Shocking some people would give away a little gem of a hole to the masses on social media. You and a guy on space book must love fishing with the masses from Dayton and Columbus and taking all the fish out of a small piece of water. It has been pounded and most fish have been removed. I've seen 4 keepers in 3 (8) hr days. Thanks!! Next time your down bring a couple of 5 gallon buckets to pick up dirty diapers and trash as I have done.


----------



## crappiedude (Mar 12, 2006)

Betsabet said:


> Shocking some people would give away a little gem of a hole to the masses on social media.

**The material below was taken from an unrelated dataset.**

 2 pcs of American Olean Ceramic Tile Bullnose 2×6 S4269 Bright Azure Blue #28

So are you saying no one else knew about the spillway and saugeyes before Wednesday?


----------



## Betsabet (Jul 17, 2017)

crappiedude said:


> So are you saying no one else knew about the spillway and saugeyes before Wednesday?


Nope, but let's tell everyone!


----------



## Cptn Spaulding (May 20, 2015)

Really? I've been down there among about 2+ dozen other fishermen before. Didn't realize an on or off spot in a state stocked public park like that was such a secret.

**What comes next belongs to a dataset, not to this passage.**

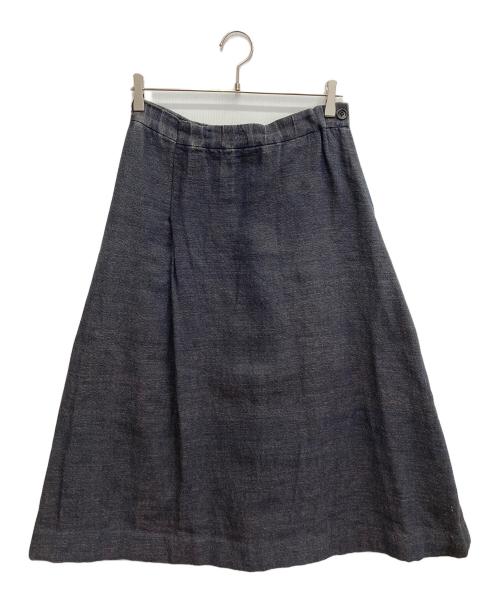 45R（フォーティファイブ・アール）45R (フォーティファイブ・アール) インディゴギマツイードロングスカート ネイビー サイズ:3の古着・服飾アイテム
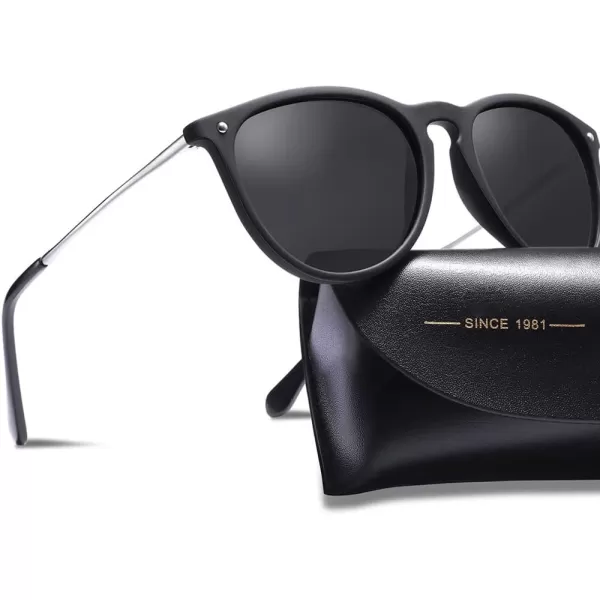 CARFIA Trendy Sunglasses for Women Polarized UV Protection Classic Retro Style CA51003 Grey Lens Black Frame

By the way, I threw them all back. Also, I picked up a long stretch of line that was wrapped up in a big rope of caulk that had come out of the expansion joint up near the dam. Then I stepped the caulk back down into the expansion joint. Probably won't stay there, but at least I temporarily fixed the tripping issue and removed the 50 feet or so of line hung up around it. Other than that I don't recall seeing any trash down there. You do a good job of keeping it cleaned up.


----------



## Saugeyefisher (Jul 19, 2010)

Betsabet said:


> Shocking some people would give away a little gem of a hole to the masses on social media. You and a guy on space book must love fishing with the masses from Dayton and Columbus and taking all the fish out of a small piece of water. It has been pounded and most fish have been removed. I've seen 4 keepers in 3 (8) hr days. Thanks!! Next time your down bring a couple of 5 gallon buckets to pick up dirty diapers and trash as I have done.

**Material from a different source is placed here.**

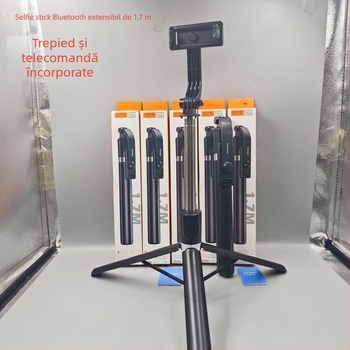 Selfie stick antișoc, 7 secțiuni, trepied podea 360°, oțel inox, Bluetooth, compatibil universal, până la 2 kg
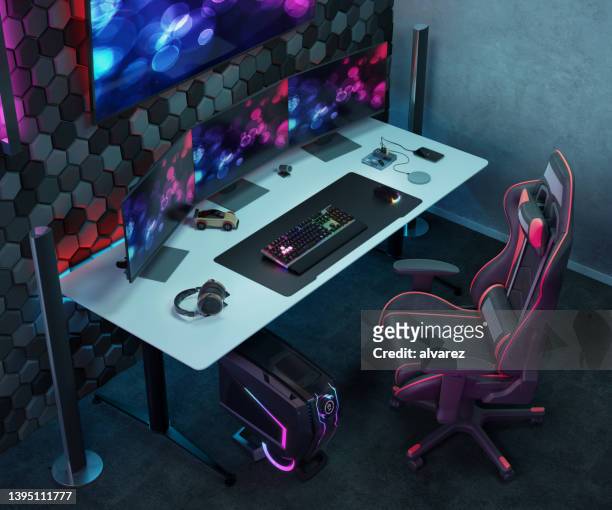 3d rendering of video gamer desk - computer mouse table stock pictures, royalty-free photos & images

Lol this websites the least of your worries. Simple word of mouth will crowd up your honey home even faster then this website,then you got facebook and instagram. Shew,i dont think there will be any saugeyes left in a few years


----------



## Betsabet (Jul 17, 2017)

Today's trash!


----------



## Cptn Spaulding (May 20, 2015)

Looks like the "Taste of Hamilton" festival. Marlboros and Mt Dew.


----------



## dig_doug_l (Jul 25, 2005)

But no dirty diapers today ?  Seriously, there has been a lot of traffic at all the saugeye spots I've been to the last few weeks. I think it has more to do with the bite is been on, rather than anything to do with social media, especially at state park...


----------



## garhtr (Jan 12, 2009)

I've seen more pressure than normal also---I recently ran into two fisherman at night- I normally see 0 anglers at night especially after Thanksgiving. Maybe the night bite is becoming a little more popular or it could have a lot to do with 60 degree days and lows in the 30s. This next cold front will reduce the pressure. 
Good luck and Good Fishing !


----------